L’acquisto dell’area del Getsemani, che comprende anche quella parte antistante il santuario al di là della strada nella valle del Cedron, fu un’operazione lunga e complessa, sintetizzabile in 29 date che vanno dal 9 novembre 1661 al marzo del 1905, quando per 57 mila franchi, gli armeni cedettero ai frati il terreno a sud dell’Orto. Nel novembre del 1661 «la S. Custodia comprò per mezzo dei suoi dragomanni 14 chirati (il chirato è la ventiquattresima parte di una proprietà – ndr) e cinque sesti di chirato dell’Orto del Getsemani dai villani di Siloe». Interessante sapere che, dopo l’acquisto di un altro chirato e mezzo (dell’Orto) il 5 febbraio 1662, nonostante la mancanza di qualche documento legale di proprietà per un altro chirato e due terzi, «tutto l’Orto del Getsemani era in possesso dei Francescani, e ne sborsavano annualmente una certa tassa al legato pio della scuola di Salahie, prevedendo i Religiosi che altri acquistassero il terreno limitrofo». Altri diciotto chirati «immediatamente a mezzogiorno dell’Orto» passarono nelle mani della Custodia il 2 maggio 1681, dove «dopo due secoli, fu trovato il vero luogo dell’Agonia di Gesù, ove ora sorge l’attuale Basilica» («I faticosi e progressivi acquisti per il sacro Orto di Getsemani e dintorni fatti dalla Custodia di Terra Santa», La Terra Santa 1924 n. 5, 147-148).

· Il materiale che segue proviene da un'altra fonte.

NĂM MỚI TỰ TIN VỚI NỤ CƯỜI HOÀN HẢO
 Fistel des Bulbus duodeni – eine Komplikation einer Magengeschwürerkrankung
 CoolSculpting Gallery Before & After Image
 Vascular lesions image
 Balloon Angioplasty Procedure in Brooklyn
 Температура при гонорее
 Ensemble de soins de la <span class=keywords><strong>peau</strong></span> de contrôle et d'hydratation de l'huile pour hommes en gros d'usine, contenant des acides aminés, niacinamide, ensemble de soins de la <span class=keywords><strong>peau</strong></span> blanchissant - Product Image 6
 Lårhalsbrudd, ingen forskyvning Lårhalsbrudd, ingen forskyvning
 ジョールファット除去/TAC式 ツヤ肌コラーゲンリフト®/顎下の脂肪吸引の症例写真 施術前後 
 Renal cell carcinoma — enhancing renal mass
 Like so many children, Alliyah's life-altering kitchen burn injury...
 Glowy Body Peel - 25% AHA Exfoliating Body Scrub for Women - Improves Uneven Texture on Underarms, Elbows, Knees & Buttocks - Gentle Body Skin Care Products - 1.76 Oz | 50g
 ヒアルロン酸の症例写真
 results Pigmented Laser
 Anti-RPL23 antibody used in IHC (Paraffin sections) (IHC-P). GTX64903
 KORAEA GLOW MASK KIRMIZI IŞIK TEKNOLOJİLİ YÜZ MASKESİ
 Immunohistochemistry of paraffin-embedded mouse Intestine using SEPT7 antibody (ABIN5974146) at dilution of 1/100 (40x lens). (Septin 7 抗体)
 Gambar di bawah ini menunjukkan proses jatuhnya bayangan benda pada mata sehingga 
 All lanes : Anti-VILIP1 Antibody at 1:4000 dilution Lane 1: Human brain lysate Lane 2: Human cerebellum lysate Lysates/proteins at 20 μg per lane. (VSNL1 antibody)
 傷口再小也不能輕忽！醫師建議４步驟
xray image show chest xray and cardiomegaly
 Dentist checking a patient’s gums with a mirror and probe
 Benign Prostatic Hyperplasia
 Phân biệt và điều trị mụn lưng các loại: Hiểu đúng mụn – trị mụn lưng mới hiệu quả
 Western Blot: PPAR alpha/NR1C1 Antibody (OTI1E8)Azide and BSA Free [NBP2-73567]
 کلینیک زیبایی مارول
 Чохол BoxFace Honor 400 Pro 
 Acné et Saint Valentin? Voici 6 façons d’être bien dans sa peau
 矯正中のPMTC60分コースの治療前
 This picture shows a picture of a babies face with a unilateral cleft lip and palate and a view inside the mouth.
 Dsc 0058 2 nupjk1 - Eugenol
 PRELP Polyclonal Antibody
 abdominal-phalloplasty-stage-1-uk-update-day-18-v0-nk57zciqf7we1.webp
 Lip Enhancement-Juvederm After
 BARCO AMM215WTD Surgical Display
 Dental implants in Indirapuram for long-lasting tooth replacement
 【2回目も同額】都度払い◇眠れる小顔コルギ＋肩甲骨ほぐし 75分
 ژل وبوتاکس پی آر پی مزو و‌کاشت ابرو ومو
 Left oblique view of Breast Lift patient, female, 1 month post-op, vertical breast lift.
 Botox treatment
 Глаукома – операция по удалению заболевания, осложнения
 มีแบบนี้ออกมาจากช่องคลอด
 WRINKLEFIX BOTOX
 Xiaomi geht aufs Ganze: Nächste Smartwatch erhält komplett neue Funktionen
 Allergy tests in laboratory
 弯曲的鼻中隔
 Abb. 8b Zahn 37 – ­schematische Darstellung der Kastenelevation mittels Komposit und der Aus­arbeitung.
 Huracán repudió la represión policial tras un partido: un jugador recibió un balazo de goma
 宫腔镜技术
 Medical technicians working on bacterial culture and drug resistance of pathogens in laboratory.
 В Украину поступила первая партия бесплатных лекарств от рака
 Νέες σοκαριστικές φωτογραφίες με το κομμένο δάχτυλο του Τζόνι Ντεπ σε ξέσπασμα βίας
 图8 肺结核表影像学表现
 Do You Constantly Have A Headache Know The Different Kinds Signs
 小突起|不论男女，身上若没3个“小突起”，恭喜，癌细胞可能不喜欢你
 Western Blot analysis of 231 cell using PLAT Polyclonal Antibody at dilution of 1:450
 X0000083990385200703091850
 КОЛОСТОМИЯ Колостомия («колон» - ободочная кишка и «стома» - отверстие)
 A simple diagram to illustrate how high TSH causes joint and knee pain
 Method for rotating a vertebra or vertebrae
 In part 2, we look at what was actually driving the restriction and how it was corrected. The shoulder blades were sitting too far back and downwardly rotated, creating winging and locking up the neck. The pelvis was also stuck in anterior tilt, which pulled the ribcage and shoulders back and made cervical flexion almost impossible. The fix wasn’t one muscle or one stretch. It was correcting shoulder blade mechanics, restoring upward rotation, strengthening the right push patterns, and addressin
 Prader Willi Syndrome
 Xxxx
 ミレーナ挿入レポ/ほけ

La Custodia di Terra Santa, nel 1924, diede mandato all’architetto Antonio Barluzzi (1884 – 1960) di costruirvi una chiesa (vedi box a p. 52). In un primo tempo Barluzzi pensò di erigerla su quanto rimaneva del periodo crociato, intendendone rispettare i resti e le dimensioni. Di quella chiesa rimanevano le tre absidi costruite su tre rocce, che sono i tre luoghi dove la tradizione vuole che Gesù si sia inginocchiato. Su quella centrale era stato elevato l’altare.
Nel corso dei lavori vennero alla luce le rovine di una chiesa bizantina che si rivelò essere la chiesa d’epoca teodosiana. La qualità dei materiali impiegati e la fattura dei ritrovamenti, tra cui un capitello e parti dei mosaici del pavimento, rivelarono quanto fosse davvero «elegante» la chiesa visitata da Egeria.
La grande scala d’accesso al santuario fu però terminata solo nel maggio del 1959, così come la sistemazione del muro perimetrale prospiciente alla strada.
La Custodia potè effettuare i lavori, dopo aver trovato un accordo con le autorità amministrative del tempo. Nel corso del 1958 il municipio eseguì i lavori di sistemazione della strada, a cui la Custodia contribuì cedendo parte dell’Orto della valle del Cedron e versando «una notevole contribuzione pecuniaria» («Il Getsemani dopo gli ultimi restauri», La Terra Santa, agosto – settembre 1959, p. 241).